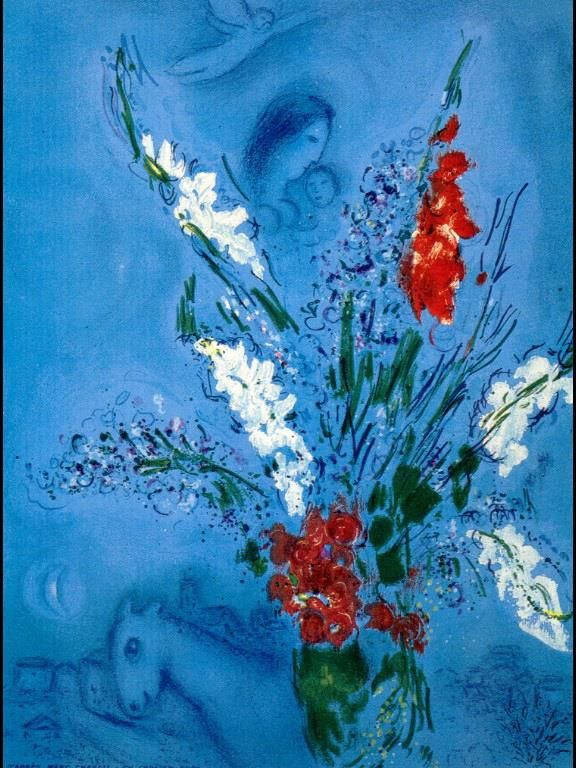 Marc Chagall Andere Malerei - Die Gladiolen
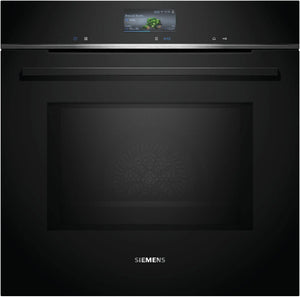 Siemens HM776GKB1 iQ700 Horno pirolítico con microondas 60 cm AirFry Cristal negro Clase A+ Siemens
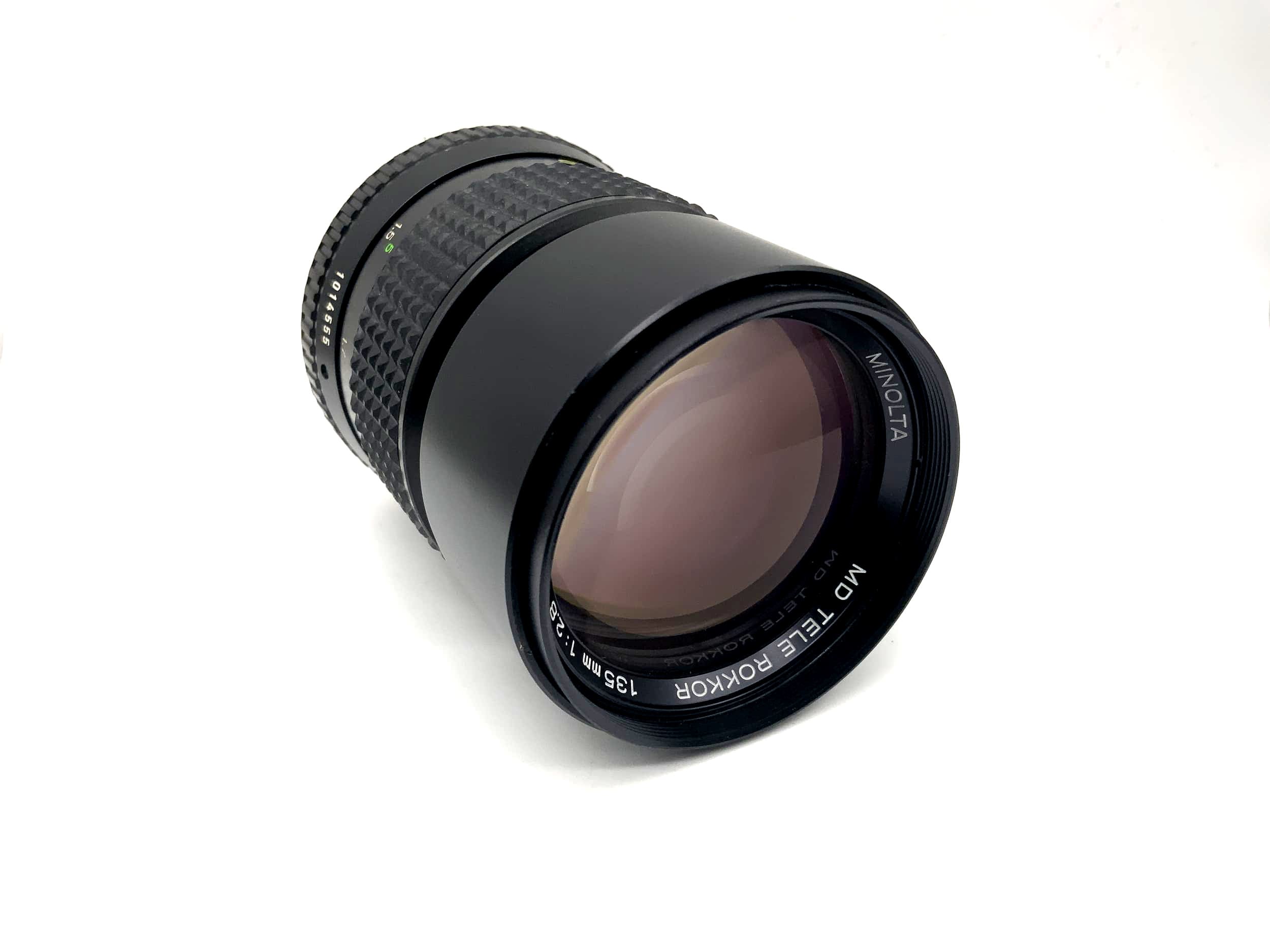 Minolta 135mm 1:2.8 Objektiv MD Tele Rokkor Kamera Camera Lens (Minolta MD)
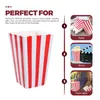 Ensembles de vaisselle 10 pièces Popcorn Carton Conteneur Stripe Fête d'anniversaire Décor Papier Fournitures pour enfants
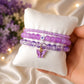 Butterfly Bliss Bracelet Set – 3 Piece Beaded Butterfly Charm Bracelets | AHP Customize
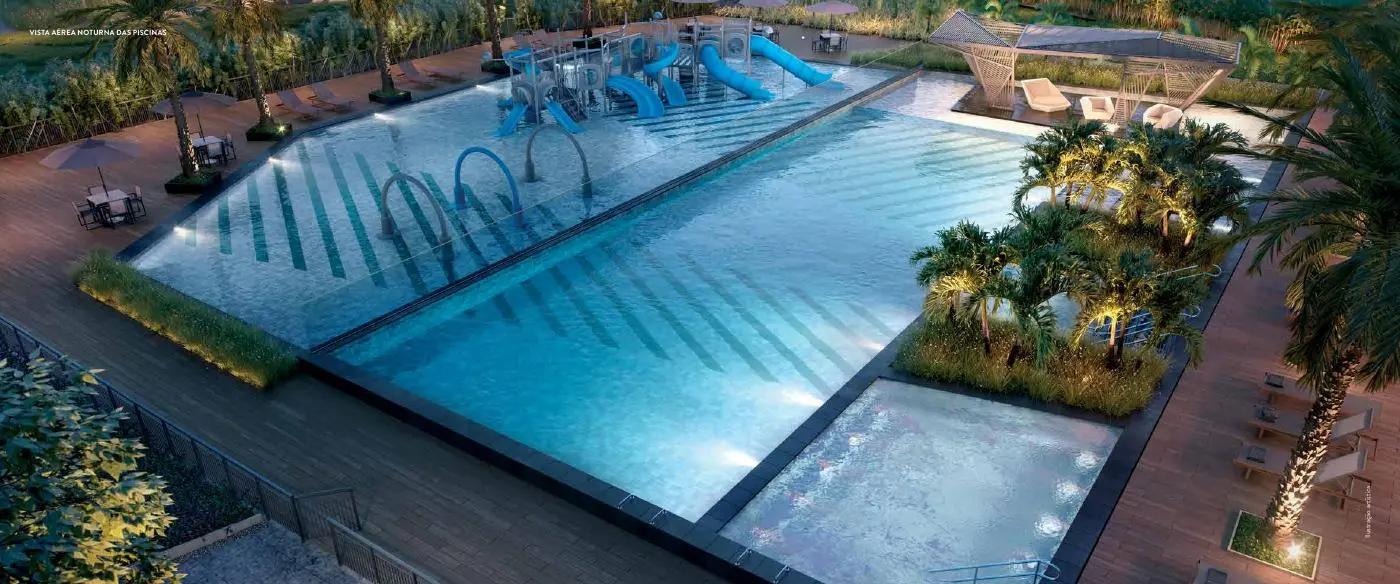 Piscina principal do Latitud Condominium Design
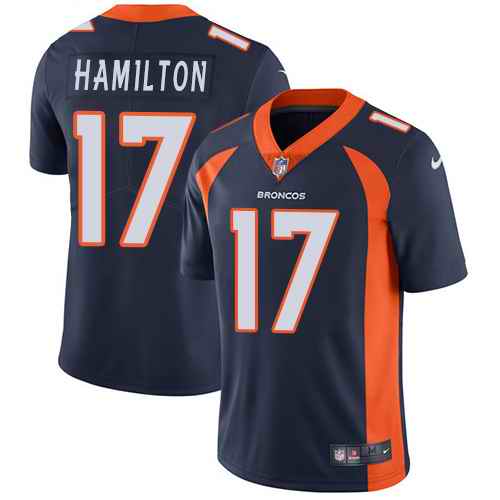 Personalized Broncos 17 DaeSean Hamilton Navy Alternate Untouchable Limited Jersey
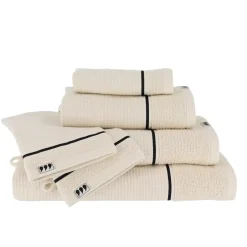 Asciugamano da bagno nido d'ape (90 x 150 cm) Japandi Beige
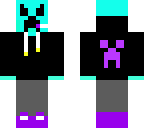 creeper gamer black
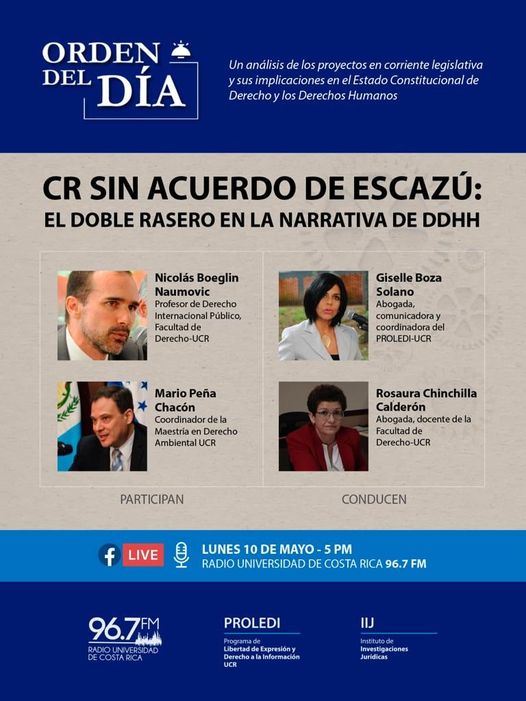 CR sin acuerdo Escazú_ el doble rasero en la narrativa de DDHH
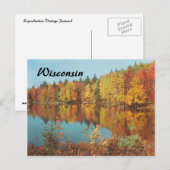  najaarscène briefkaart (Voorkant / Achterkant)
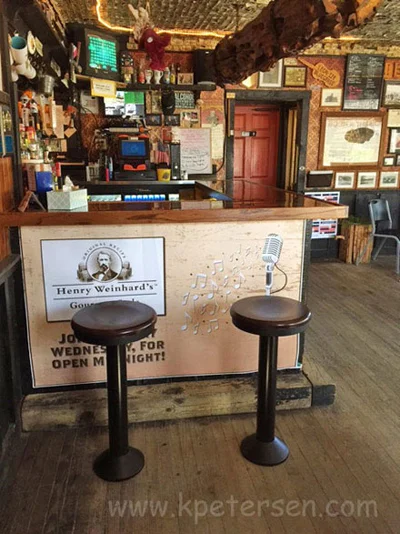Bar Height Wood Seat Bolt-Down Counter Stool Bar Installation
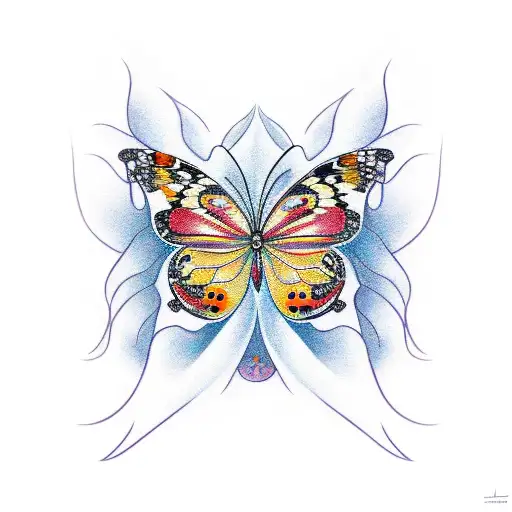 Sport Car With Butterflies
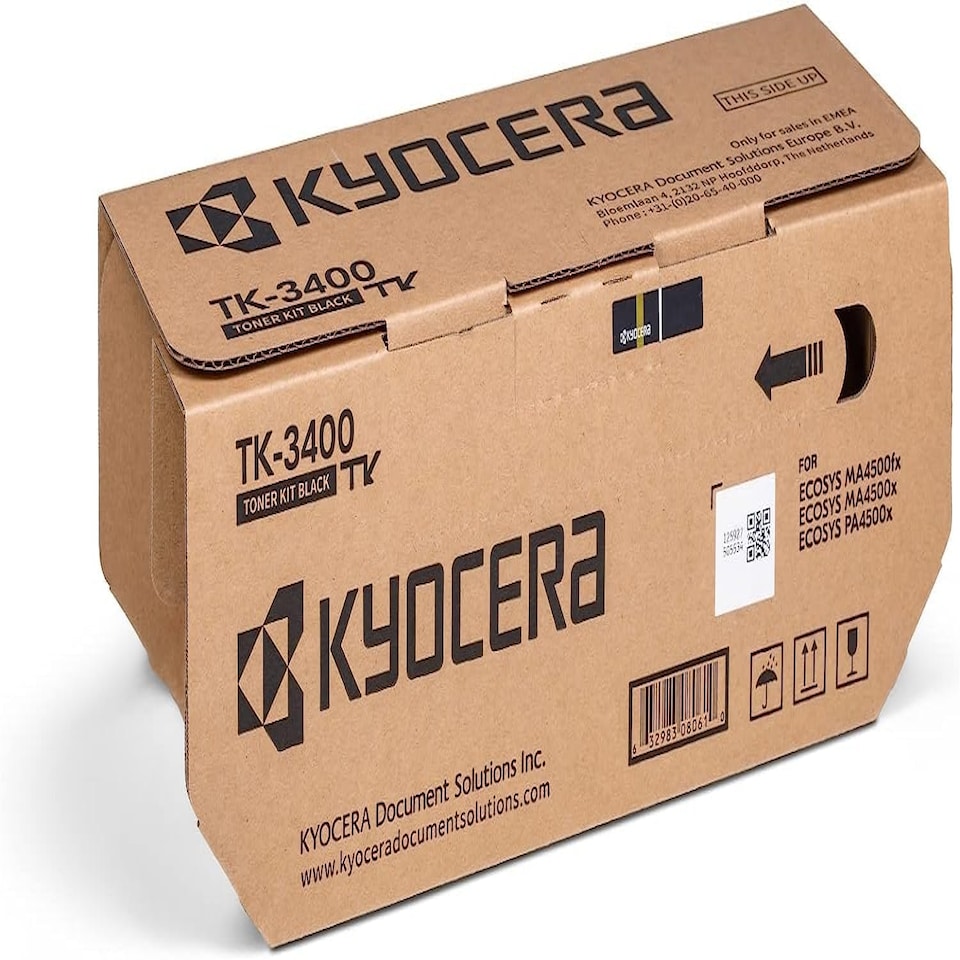 image 1 of KYOCERA TK-3400 Original Toner Cartridge Black Compatible with Ecosys PA4500x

————————

● **Exercise**: Extract all the entries word for word; omit any pictures.

● **Answer box**:
 Marc Chagall Andere Malerei - Die Gladiolen
 Siemens HM776GKB1 iQ700 Horno pirolítico con microondas 60 cm AirFry Cristal negro Clase A+ Siemens
 Minolta 135mm 1:2.8 Objektiv MD Tele Rokkor Kamera Camera Lens (Minolta MD)
 Ensembles de vaisselle 10 pièces Popcorn Carton Conteneur Stripe Fête d'anniversaire Décor Papier Fournitures pour enfants
 Butterfly Bliss Bracelet Set – 3 Piece Beaded Butterfly Charm Bracelets | AHP Customize
 Piscina principal do Latitud Condominium Design
 Personalized Broncos 17 DaeSean Hamilton Navy Alternate Untouchable Limited Jersey
 Asciugamano da bagno nido d'ape (90 x 150 cm) Japandi Beige
 creeper gamer black
 CR sin acuerdo Escazú_ el doble rasero en la narrativa de DDHH
  najaarscène briefkaart (Voorkant / Achterkant)
Bar Height Wood Seat Bolt-Down Counter Stool Bar Installation
 Sport Car With Butterflies
 image 1 of KYOCERA TK-3400 Original Toner Cartridge Black Compatible with Ecosys PA4500x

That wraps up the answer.